──────── Record extracts

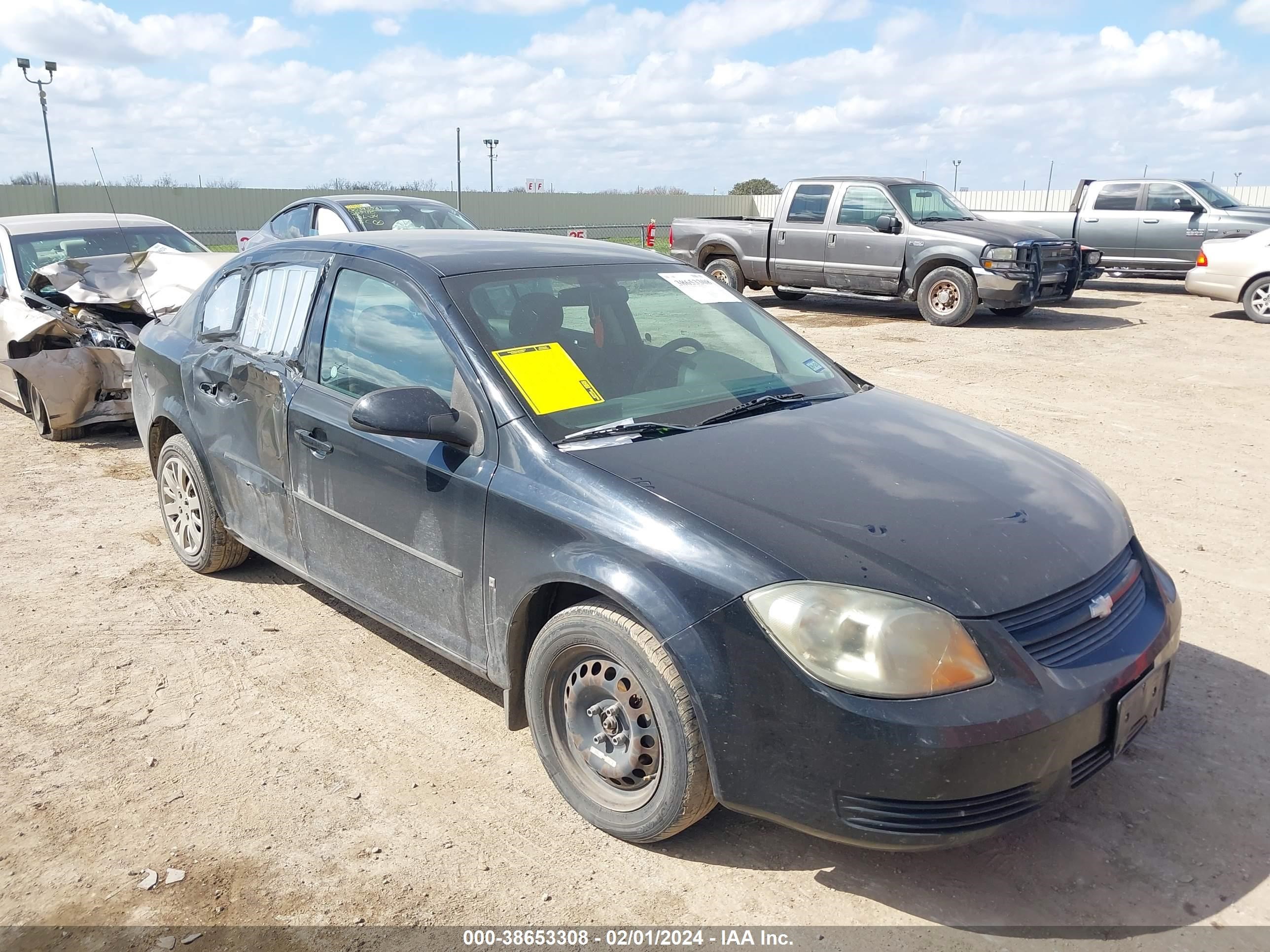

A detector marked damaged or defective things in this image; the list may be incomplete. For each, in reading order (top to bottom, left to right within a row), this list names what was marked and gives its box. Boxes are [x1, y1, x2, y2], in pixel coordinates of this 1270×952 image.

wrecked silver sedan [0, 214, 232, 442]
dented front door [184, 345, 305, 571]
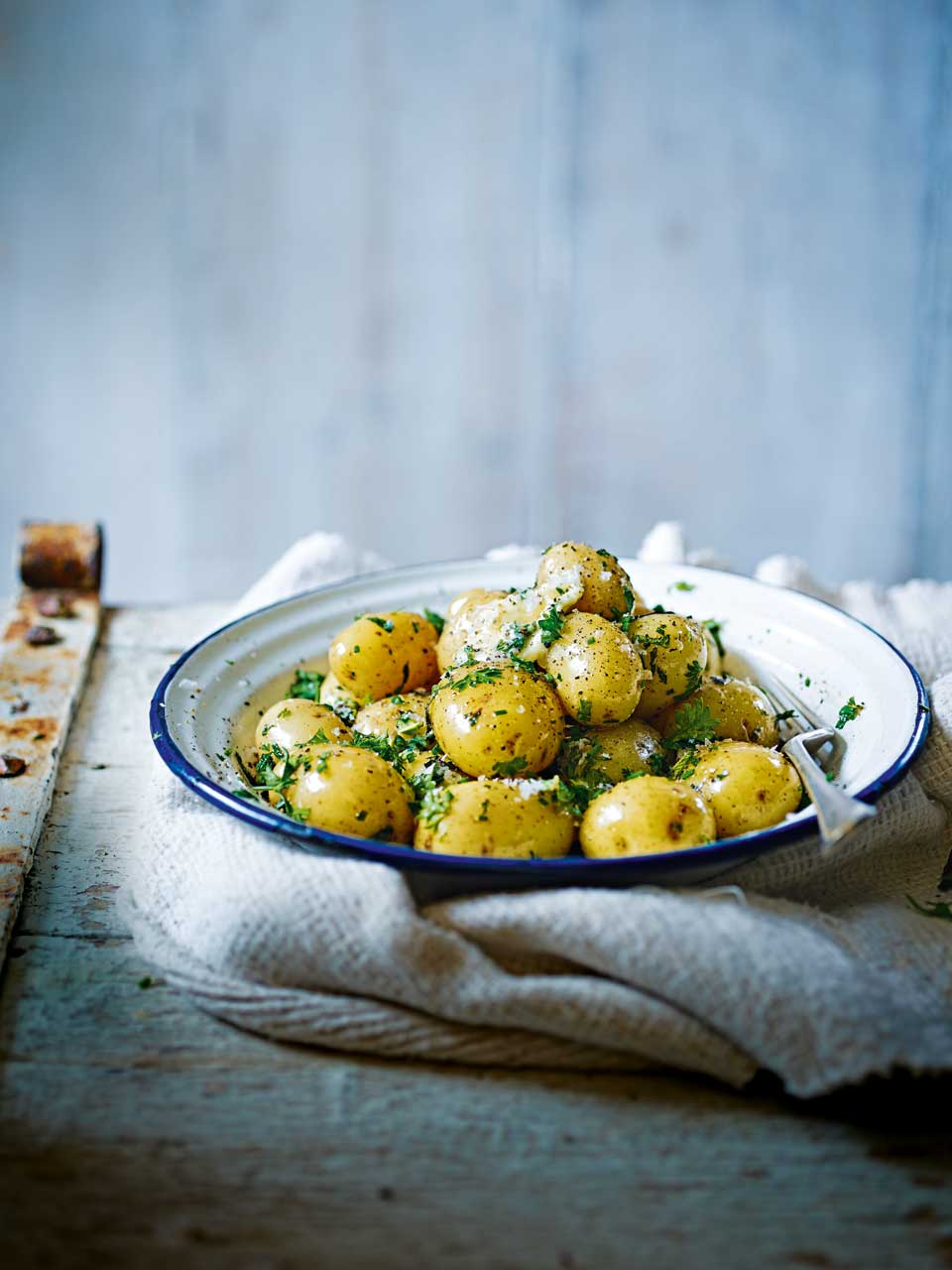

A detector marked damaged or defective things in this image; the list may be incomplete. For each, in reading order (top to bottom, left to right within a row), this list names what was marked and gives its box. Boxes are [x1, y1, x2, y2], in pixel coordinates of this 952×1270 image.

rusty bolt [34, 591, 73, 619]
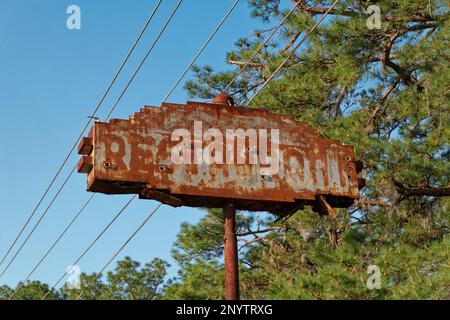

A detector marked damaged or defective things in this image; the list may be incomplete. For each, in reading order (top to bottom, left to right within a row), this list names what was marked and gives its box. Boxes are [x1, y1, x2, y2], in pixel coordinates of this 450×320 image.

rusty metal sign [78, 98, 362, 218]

────────────────

- [Exercise aim] Every line from the one containing "this 952×1270 image." through the last line of the listing must be written out again exactly, and no other line. Leave the pictures aside.

- [Output below]
A detector marked damaged or defective things in this image; the list may be incomplete. For each, in reading order (top to bottom, left to right within a row), this list names what was marked and gives its box. Boxes are [x1, y1, x2, y2], in pixel coordinates of this 952×1270 image.

rusty bolt [34, 591, 73, 619]

A detector marked damaged or defective things in this image; the list may be incomplete. For each, in reading order (top to bottom, left to right within a row), this list names what was marked and gives its box. Boxes are [x1, y1, x2, y2], in pixel coordinates of this 450×320 image.

rusty metal sign [78, 98, 362, 218]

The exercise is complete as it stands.